* [Extracted records]
* * * * *

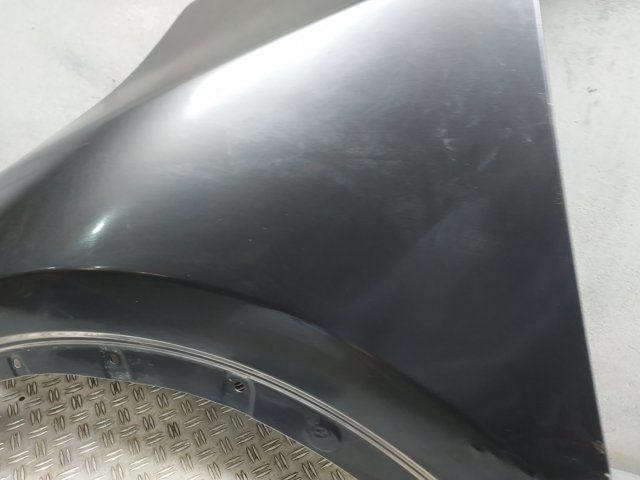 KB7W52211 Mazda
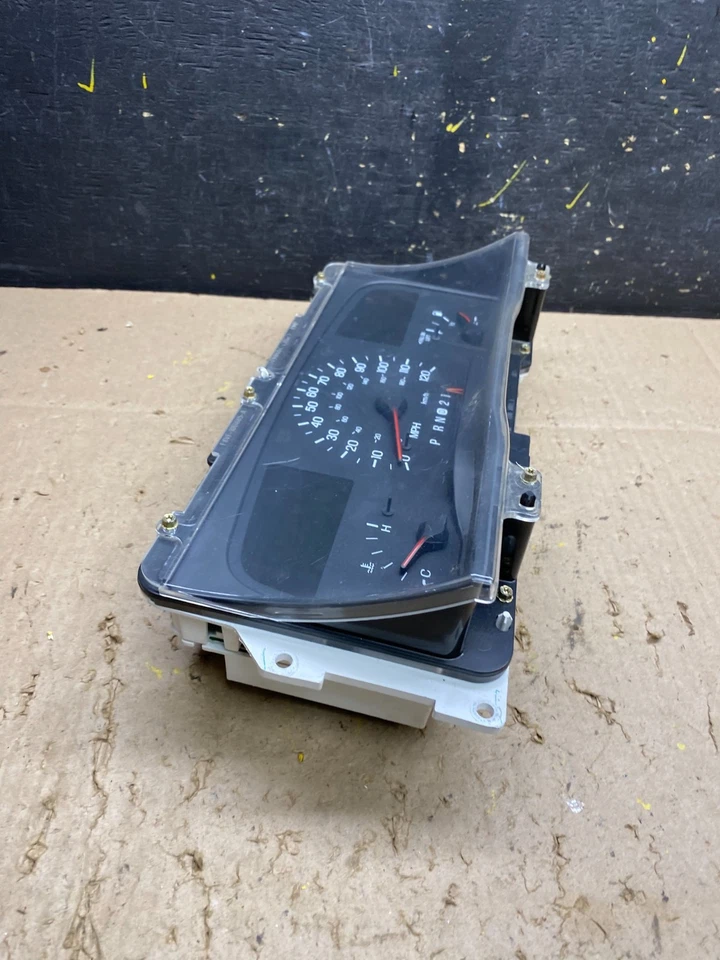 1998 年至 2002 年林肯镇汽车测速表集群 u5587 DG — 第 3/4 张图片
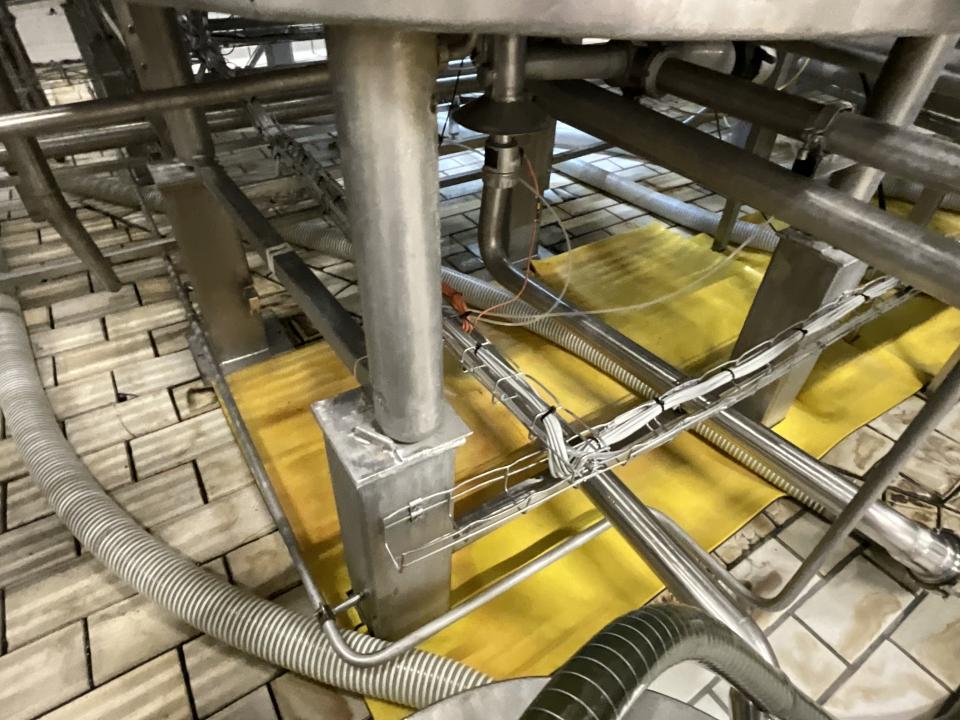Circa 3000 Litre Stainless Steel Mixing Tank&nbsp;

* * * * *

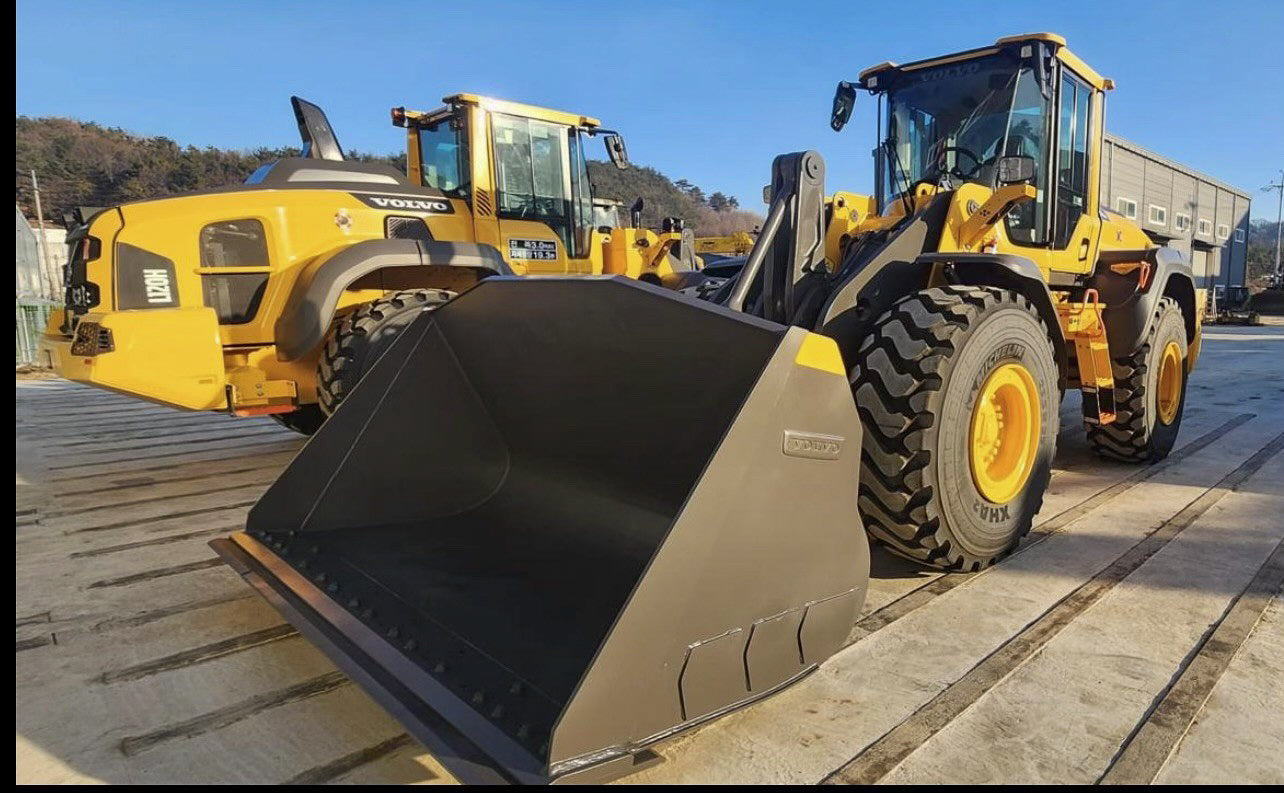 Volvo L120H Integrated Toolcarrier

* * * * *

* [Task goal] Going by the data above, the answer is exactly the lines from the one holding "KB7W52211 Mazda" to the one holding "Circa 3000 Litre", both kept, with the pictures left out.

* [Solution to this task]
 KB7W52211 Mazda
 1998 年至 2002 年林肯镇汽车测速表集群 u5587 DG — 第 3/4 张图片
Circa 3000 Litre Stainless Steel Mixing Tank&nbsp;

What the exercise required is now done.